Ironically, given the perception that many of Britain’s health problems are fuelled by a fondness for beer, in much of northern and eastern Europe its consumption is viewed as a healthy life choice. Three Thousand Versts’ medical team confirms that vodka drinking is statistically more likely to result in alcoholism and it is more probable that the spirit will contribute to digestive problems, due to its acidity.
In Russia, Ukraine, and indeed Poland, beer is popular amongst young people and ‘beerhalls’ have become trendy venues. Admittedly, it is also drunk throughout the day, from breakfast time, as if it were a soft drink. The ‘vodka belt’ clearly hasn’t achieved instant success in its attempts to curb alcoholism by edging towards a beer drinking culture.

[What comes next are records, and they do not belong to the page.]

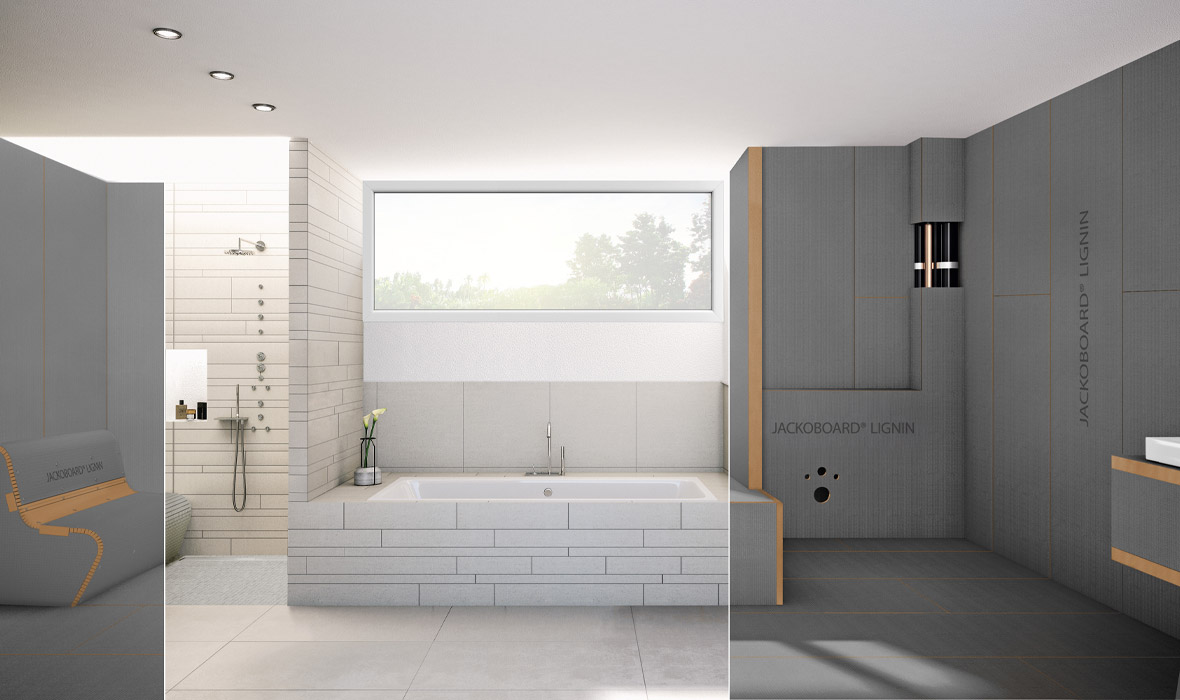 JACKOBOARD® LIGNIN: De CO2-geoptimaliseerde bouwplaat voor modern badkamerinrichting wordt gelanceerd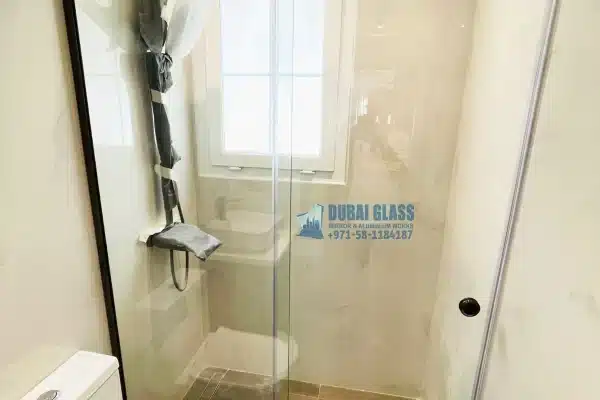tempered clear sliding shower partition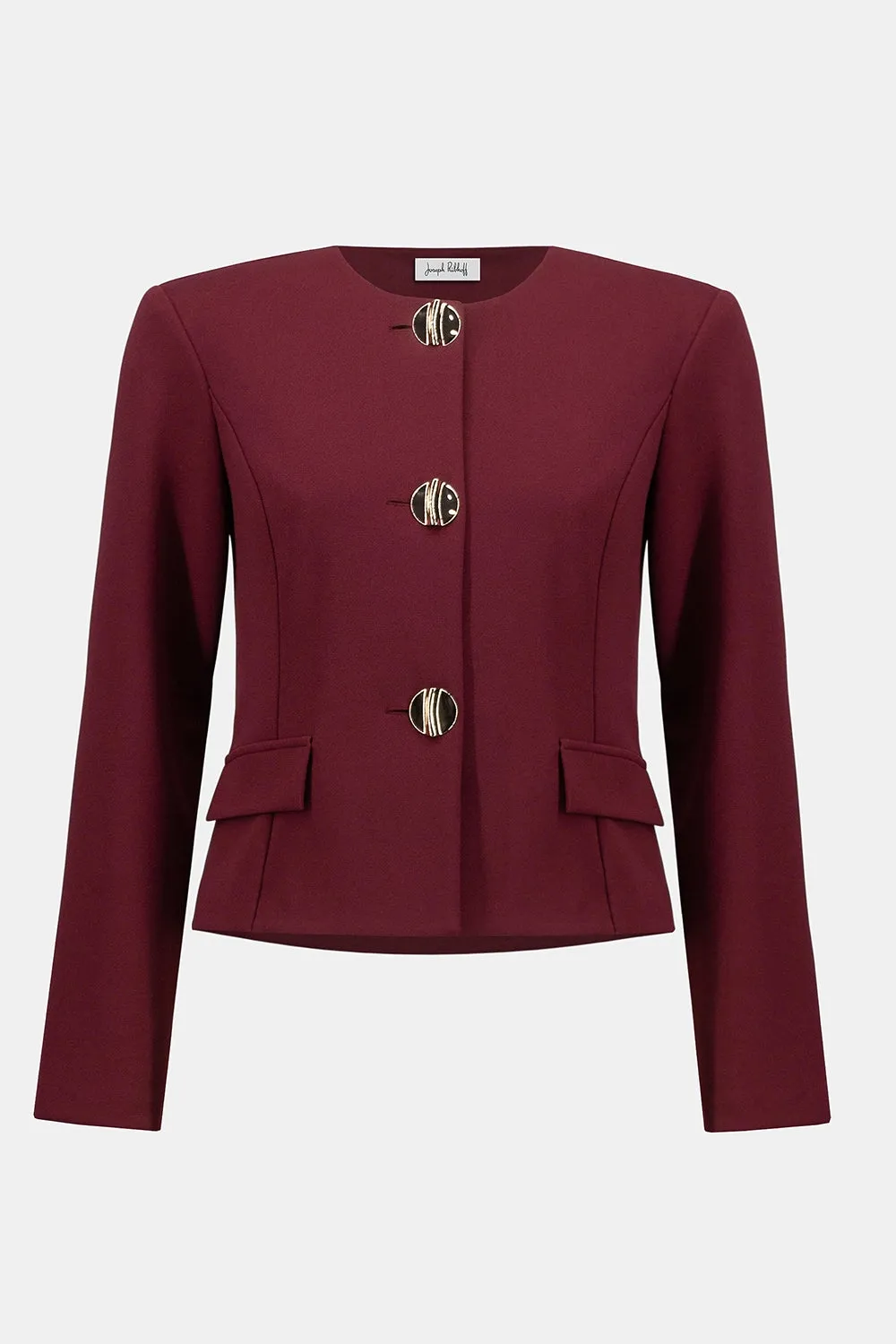 Joseph Ribkoff | Scuba Crepe Boxy Blazer - Merlot 253071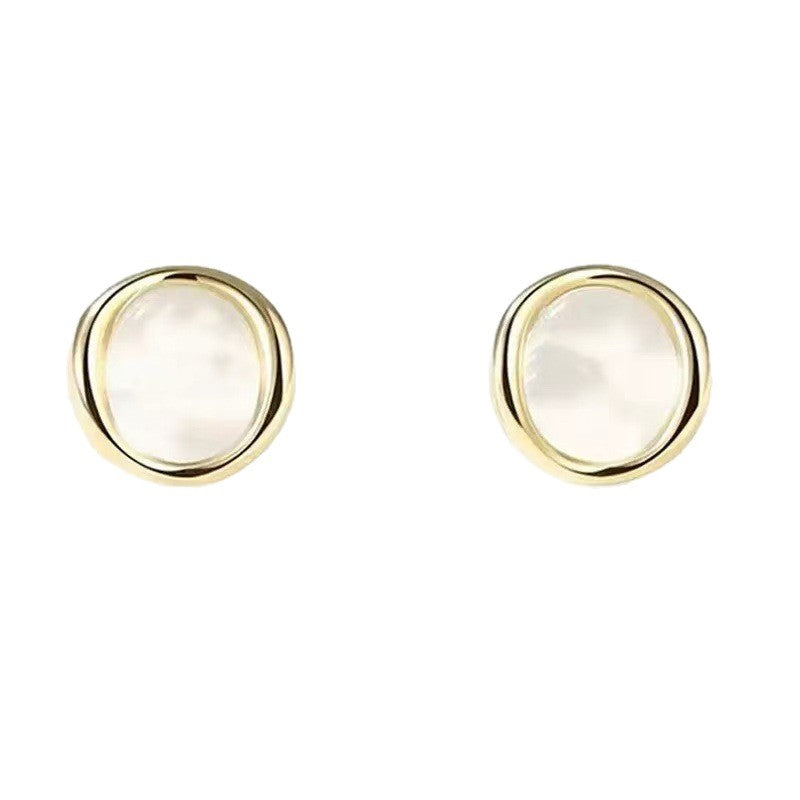 Geometric Stud Earrings For Women Featuring Cat's Eye Stone In Alloy With 925 Sterling Silver Posts,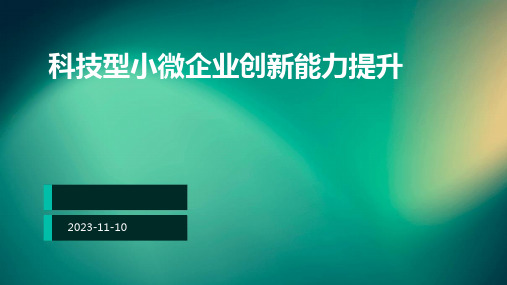 科技型小微企业创新能力提升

Still, there’s something to be said for the Humble Economist’s view that beer drinking societies need not necessarily exhibit more problems with alcohol than societies in which wine is the tipple of choice. He advocates lowering the legal drinking age to 16 for licensed premises, an arrangement which seems to work in Holland. The idea would be to encourage teenagers to become acquainted with alcohol in a controlled setting, rather than, presumably, on a park bench.
It is a seductive thought that 16-18 year olds, policed by responsible landlords, might choose to learn the art of sophisticated conversation whilst growing accustomed to the subtle pleasures of half a bitter. However, with a pint in a pub costing upwards of £3, I’m not sure that the plan would prove effective, on its own.